- _SUPPLIED ENTRIES_
# # # # # # #

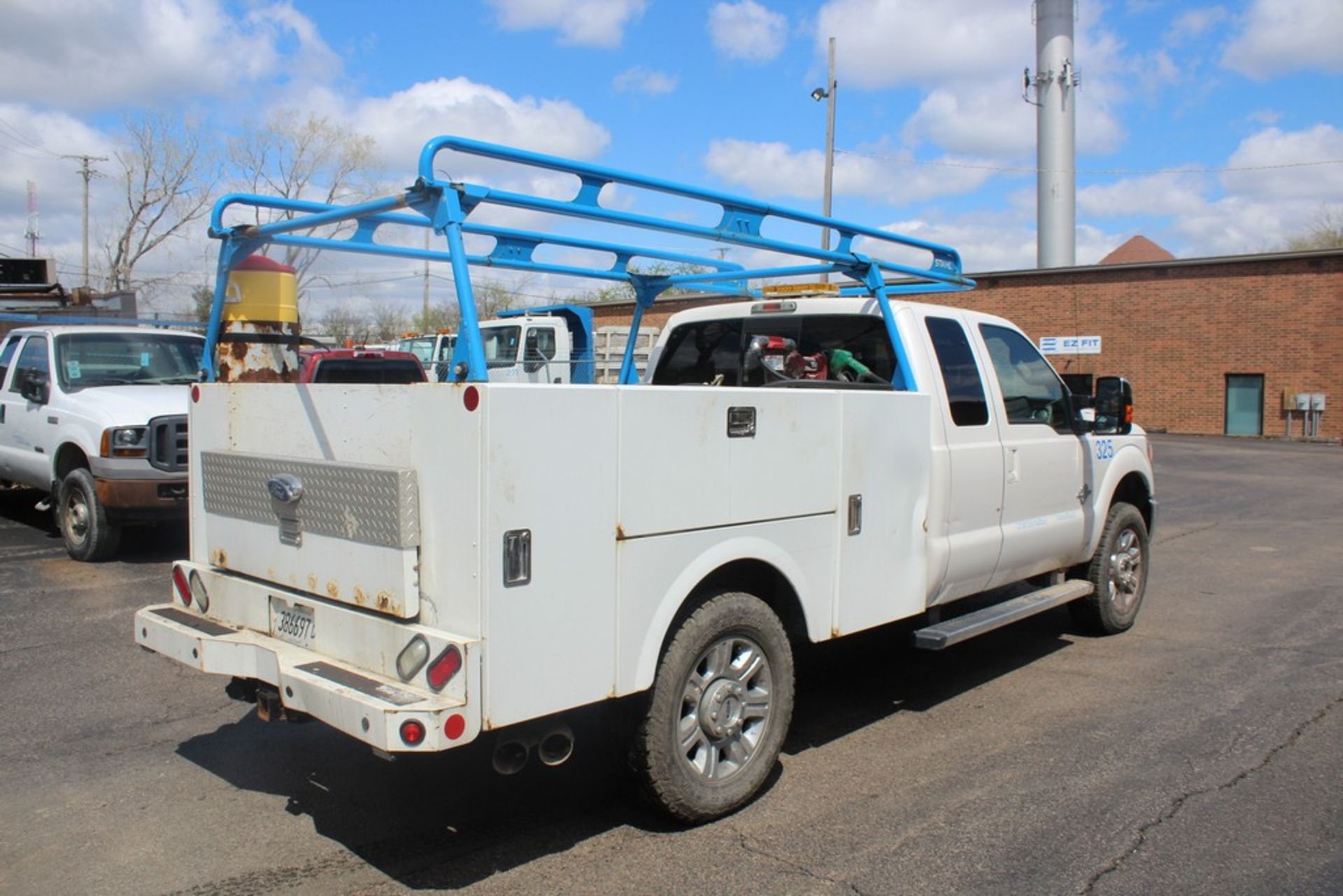 2015 FORD F-350 LARIAT SUPER DUTY EXTENDED CAB 4 X 4 UTILITY TRUCK VIN: 1FT8X3BT8FED26342 (2015) 6. - Image 3 of 10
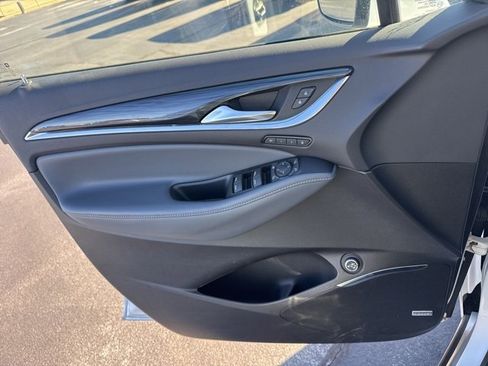 Used 2024 Buick Enclave Premium image 17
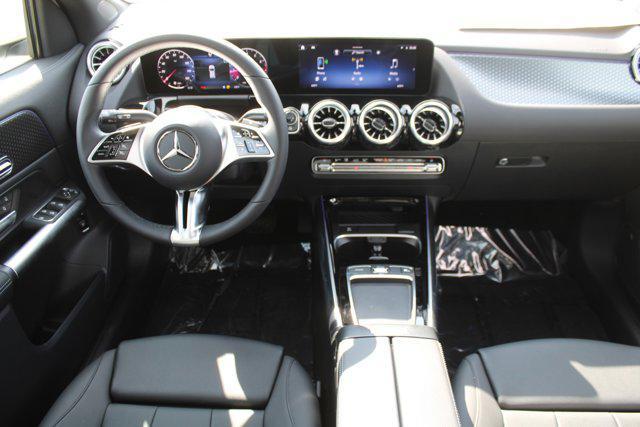 new 2025 Mercedes-Benz GLA 250 car, priced at $45,650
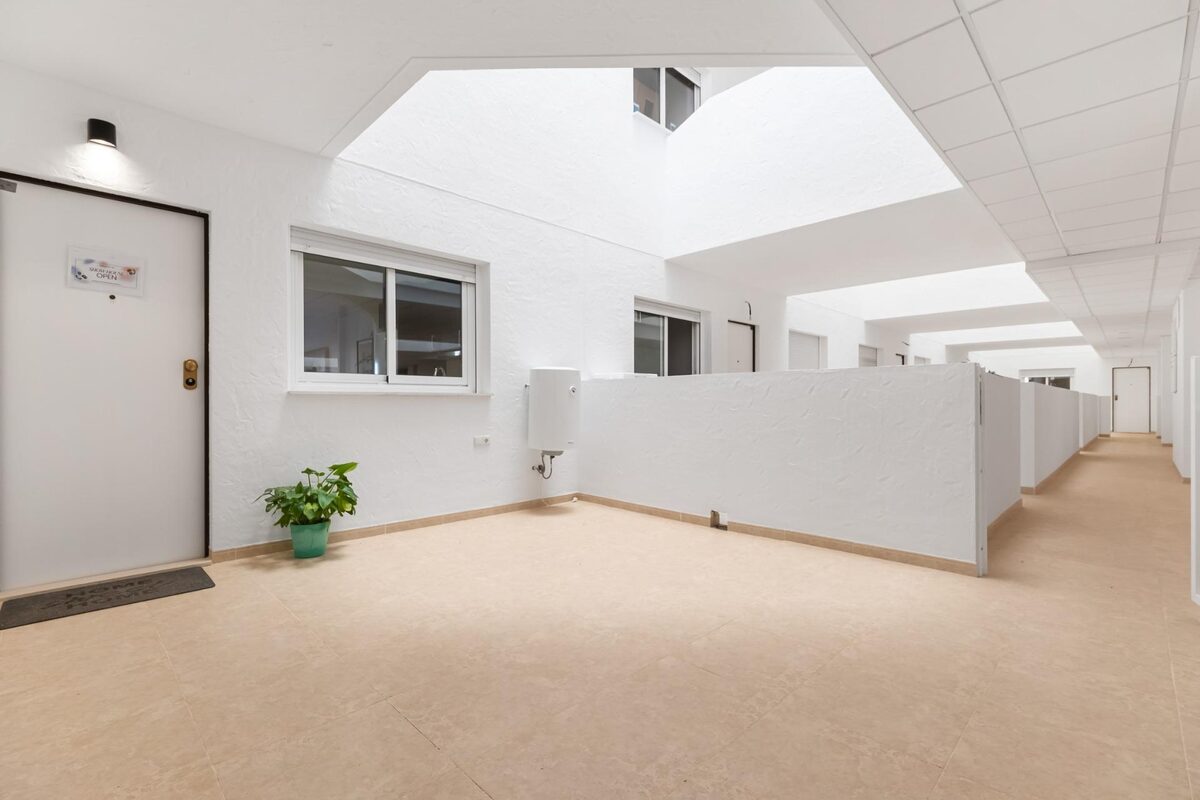Квартира с 2 спальнями, 71м² в Ориуэла Коста, Испания [ID: 0137-N8679]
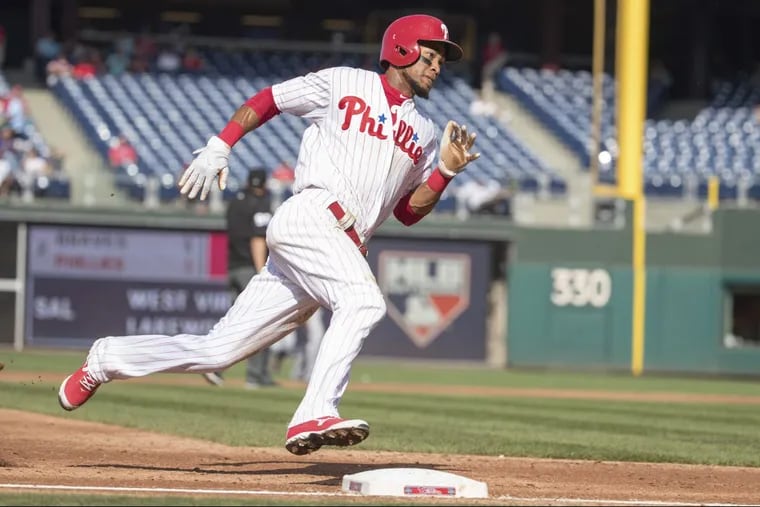 Phillies Pedro Florimon runs toward third base during the second inning of the second baseball game of a doubleheader against the Braves on Wednesday.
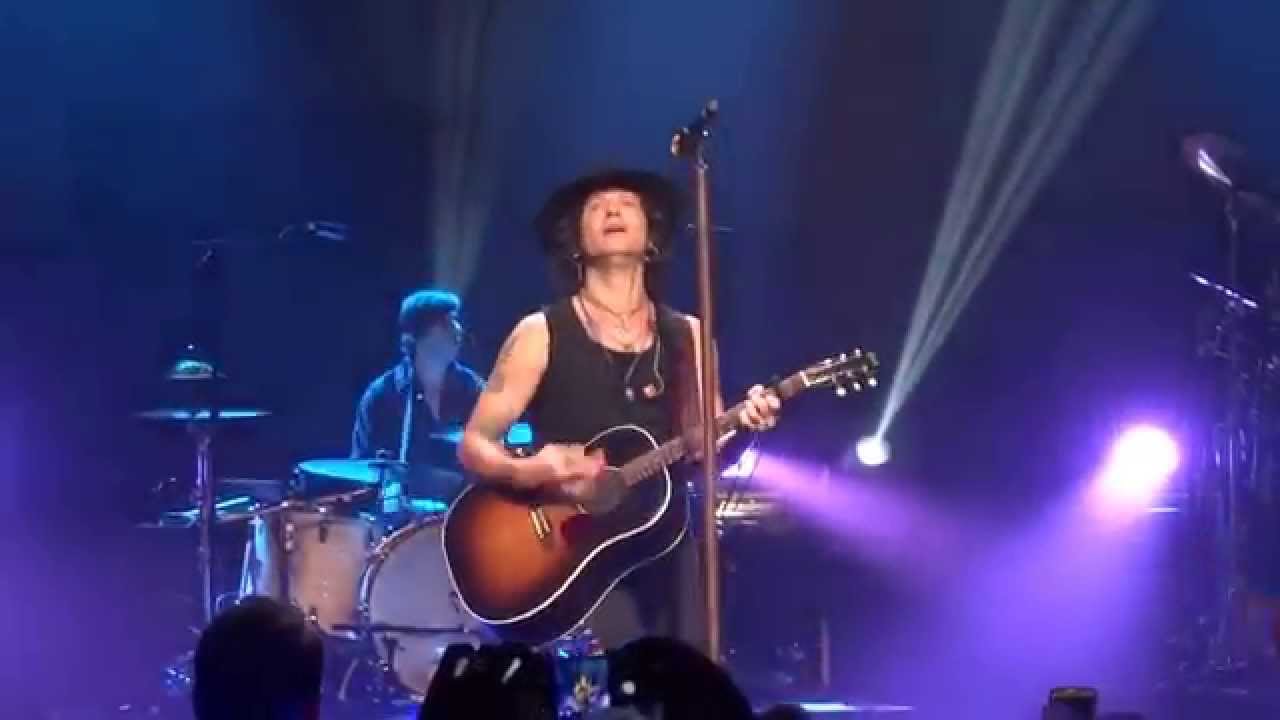 Enrique Bunbury - Bujias Para El Dolor (Live) @ Beacon Theater NYC 9.21.14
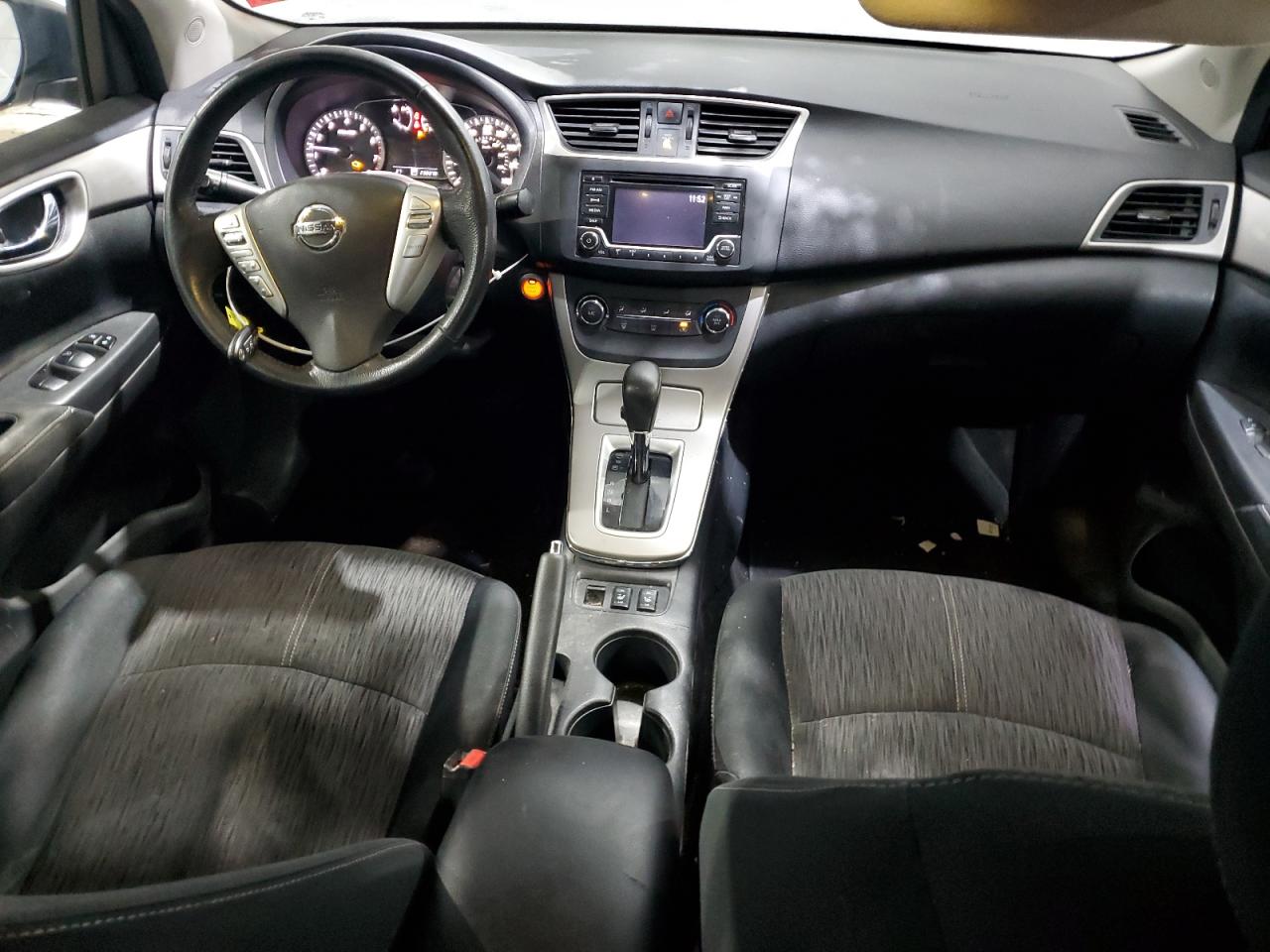 2015 Nissan Sentra - Image 8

# # # # # # #

Write every line above out again exactly; pictures do not belong in the copy.

- _RESPONSE BELOW_
 2015 FORD F-350 LARIAT SUPER DUTY EXTENDED CAB 4 X 4 UTILITY TRUCK VIN: 1FT8X3BT8FED26342 (2015) 6. - Image 3 of 10
 Used 2024 Buick Enclave Premium image 17
 new 2025 Mercedes-Benz GLA 250 car, priced at $45,650
Квартира с 2 спальнями, 71м² в Ориуэла Коста, Испания [ID: 0137-N8679]
 Phillies Pedro Florimon runs toward third base during the second inning of the second baseball game of a doubleheader against the Braves on Wednesday.
 Enrique Bunbury - Bujias Para El Dolor (Live) @ Beacon Theater NYC 9.21.14
 2015 Nissan Sentra - Image 8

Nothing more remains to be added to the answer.